Problem to solve: Below is a listing from which only part is wanted; return exactly the lines from the one with "Signmission Reserved Parking" up to and including the one with "Seguso 1980 Italian".

::::::

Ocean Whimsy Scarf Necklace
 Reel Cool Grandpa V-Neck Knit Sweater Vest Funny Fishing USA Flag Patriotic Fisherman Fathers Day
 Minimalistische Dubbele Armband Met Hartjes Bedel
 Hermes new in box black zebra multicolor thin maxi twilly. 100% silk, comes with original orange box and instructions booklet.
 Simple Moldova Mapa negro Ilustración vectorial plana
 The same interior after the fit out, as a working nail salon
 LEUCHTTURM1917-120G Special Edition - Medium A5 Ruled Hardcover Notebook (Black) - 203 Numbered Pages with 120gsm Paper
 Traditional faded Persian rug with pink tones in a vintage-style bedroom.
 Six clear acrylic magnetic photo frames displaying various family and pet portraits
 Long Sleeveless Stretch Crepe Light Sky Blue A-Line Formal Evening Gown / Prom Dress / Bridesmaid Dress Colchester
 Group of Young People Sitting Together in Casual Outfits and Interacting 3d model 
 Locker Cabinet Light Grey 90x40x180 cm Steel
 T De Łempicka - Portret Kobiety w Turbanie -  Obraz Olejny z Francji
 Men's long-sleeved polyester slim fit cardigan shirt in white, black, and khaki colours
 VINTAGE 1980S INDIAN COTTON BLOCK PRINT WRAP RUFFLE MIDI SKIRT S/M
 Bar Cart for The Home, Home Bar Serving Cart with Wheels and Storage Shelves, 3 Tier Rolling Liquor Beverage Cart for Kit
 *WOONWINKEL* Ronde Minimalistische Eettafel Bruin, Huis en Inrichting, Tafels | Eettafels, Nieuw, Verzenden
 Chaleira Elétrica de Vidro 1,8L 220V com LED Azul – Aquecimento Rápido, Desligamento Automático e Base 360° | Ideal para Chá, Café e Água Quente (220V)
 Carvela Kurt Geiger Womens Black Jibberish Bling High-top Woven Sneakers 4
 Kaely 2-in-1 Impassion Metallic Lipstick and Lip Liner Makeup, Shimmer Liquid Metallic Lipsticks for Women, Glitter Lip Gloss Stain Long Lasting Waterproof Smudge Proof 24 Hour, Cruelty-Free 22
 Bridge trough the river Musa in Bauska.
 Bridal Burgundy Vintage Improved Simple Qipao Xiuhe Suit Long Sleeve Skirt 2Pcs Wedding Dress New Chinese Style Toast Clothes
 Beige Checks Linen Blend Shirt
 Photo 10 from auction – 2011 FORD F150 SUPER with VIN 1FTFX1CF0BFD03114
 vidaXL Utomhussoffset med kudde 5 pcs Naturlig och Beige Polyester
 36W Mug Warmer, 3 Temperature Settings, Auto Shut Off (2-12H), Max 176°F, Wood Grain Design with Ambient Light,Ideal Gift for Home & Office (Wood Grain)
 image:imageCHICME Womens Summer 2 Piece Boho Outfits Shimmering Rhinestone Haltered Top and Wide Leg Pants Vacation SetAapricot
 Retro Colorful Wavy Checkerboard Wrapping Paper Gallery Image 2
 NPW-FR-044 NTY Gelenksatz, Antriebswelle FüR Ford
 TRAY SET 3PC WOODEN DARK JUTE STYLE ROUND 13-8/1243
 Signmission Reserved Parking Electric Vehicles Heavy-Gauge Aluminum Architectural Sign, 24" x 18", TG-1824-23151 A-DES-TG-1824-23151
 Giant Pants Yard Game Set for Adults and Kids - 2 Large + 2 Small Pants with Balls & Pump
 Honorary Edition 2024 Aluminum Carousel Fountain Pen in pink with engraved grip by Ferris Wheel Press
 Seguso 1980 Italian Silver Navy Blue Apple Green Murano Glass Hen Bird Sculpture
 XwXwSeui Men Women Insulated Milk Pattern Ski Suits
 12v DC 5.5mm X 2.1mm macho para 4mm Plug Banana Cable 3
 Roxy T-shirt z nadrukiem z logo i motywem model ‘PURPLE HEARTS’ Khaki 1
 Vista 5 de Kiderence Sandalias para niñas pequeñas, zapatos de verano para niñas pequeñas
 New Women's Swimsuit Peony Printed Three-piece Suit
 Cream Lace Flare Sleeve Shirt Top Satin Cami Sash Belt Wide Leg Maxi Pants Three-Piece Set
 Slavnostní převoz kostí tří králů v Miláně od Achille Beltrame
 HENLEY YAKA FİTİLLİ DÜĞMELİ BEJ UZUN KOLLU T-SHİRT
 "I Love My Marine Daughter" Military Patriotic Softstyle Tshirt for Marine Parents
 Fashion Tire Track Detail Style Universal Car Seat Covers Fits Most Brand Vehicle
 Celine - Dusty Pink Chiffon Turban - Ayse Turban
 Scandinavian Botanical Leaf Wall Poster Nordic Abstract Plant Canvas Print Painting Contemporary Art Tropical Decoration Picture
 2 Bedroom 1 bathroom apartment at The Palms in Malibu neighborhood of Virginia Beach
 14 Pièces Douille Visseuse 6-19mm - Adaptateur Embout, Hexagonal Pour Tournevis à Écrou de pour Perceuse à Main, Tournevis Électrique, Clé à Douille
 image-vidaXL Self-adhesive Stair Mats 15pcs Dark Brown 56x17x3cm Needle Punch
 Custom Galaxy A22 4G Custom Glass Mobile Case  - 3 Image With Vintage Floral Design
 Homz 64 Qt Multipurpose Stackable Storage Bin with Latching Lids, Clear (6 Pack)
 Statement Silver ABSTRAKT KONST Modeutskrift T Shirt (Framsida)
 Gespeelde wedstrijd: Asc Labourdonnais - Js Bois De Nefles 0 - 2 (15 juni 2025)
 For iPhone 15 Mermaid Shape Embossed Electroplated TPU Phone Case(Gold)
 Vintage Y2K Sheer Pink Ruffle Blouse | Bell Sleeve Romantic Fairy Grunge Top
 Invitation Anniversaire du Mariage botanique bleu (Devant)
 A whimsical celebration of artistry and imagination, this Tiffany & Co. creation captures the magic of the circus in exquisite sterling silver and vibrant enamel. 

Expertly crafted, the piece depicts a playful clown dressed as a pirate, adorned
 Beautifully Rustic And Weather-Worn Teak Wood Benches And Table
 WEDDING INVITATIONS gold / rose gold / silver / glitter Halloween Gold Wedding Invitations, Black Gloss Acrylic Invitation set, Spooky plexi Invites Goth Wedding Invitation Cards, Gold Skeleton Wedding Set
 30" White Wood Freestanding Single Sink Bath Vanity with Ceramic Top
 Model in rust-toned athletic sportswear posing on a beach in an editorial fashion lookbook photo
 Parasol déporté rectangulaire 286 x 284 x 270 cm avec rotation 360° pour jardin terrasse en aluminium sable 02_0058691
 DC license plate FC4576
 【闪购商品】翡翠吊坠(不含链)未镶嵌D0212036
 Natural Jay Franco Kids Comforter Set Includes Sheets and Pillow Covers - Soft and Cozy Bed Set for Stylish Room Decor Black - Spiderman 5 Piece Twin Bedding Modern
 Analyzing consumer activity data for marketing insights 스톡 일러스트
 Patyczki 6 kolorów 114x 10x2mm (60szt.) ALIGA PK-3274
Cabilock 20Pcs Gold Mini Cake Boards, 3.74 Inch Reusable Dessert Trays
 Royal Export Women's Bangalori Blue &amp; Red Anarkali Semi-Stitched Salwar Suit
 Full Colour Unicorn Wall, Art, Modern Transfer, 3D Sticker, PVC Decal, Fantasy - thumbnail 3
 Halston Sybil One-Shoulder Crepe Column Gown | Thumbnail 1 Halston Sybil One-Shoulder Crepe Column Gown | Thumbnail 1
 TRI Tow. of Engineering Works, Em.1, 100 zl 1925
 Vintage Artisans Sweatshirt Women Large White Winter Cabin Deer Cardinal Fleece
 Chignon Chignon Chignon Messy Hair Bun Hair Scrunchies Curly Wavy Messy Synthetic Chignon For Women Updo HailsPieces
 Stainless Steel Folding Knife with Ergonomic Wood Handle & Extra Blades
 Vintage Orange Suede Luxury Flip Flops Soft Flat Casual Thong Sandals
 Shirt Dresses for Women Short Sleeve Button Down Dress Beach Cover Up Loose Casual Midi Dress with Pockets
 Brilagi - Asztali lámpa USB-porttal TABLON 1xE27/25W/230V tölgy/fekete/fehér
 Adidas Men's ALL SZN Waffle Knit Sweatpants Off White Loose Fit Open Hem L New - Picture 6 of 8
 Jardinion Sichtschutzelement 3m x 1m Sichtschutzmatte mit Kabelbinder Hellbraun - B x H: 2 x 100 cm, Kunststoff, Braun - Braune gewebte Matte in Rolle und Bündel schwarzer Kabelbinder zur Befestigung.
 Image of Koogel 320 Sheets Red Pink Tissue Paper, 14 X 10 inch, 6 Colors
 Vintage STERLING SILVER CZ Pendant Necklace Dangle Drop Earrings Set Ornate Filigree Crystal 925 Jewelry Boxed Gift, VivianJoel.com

::::::

Completed task:
 Signmission Reserved Parking Electric Vehicles Heavy-Gauge Aluminum Architectural Sign, 24" x 18", TG-1824-23151 A-DES-TG-1824-23151
 Giant Pants Yard Game Set for Adults and Kids - 2 Large + 2 Small Pants with Balls & Pump
 Honorary Edition 2024 Aluminum Carousel Fountain Pen in pink with engraved grip by Ferris Wheel Press
 Seguso 1980 Italian Silver Navy Blue Apple Green Murano Glass Hen Bird Sculpture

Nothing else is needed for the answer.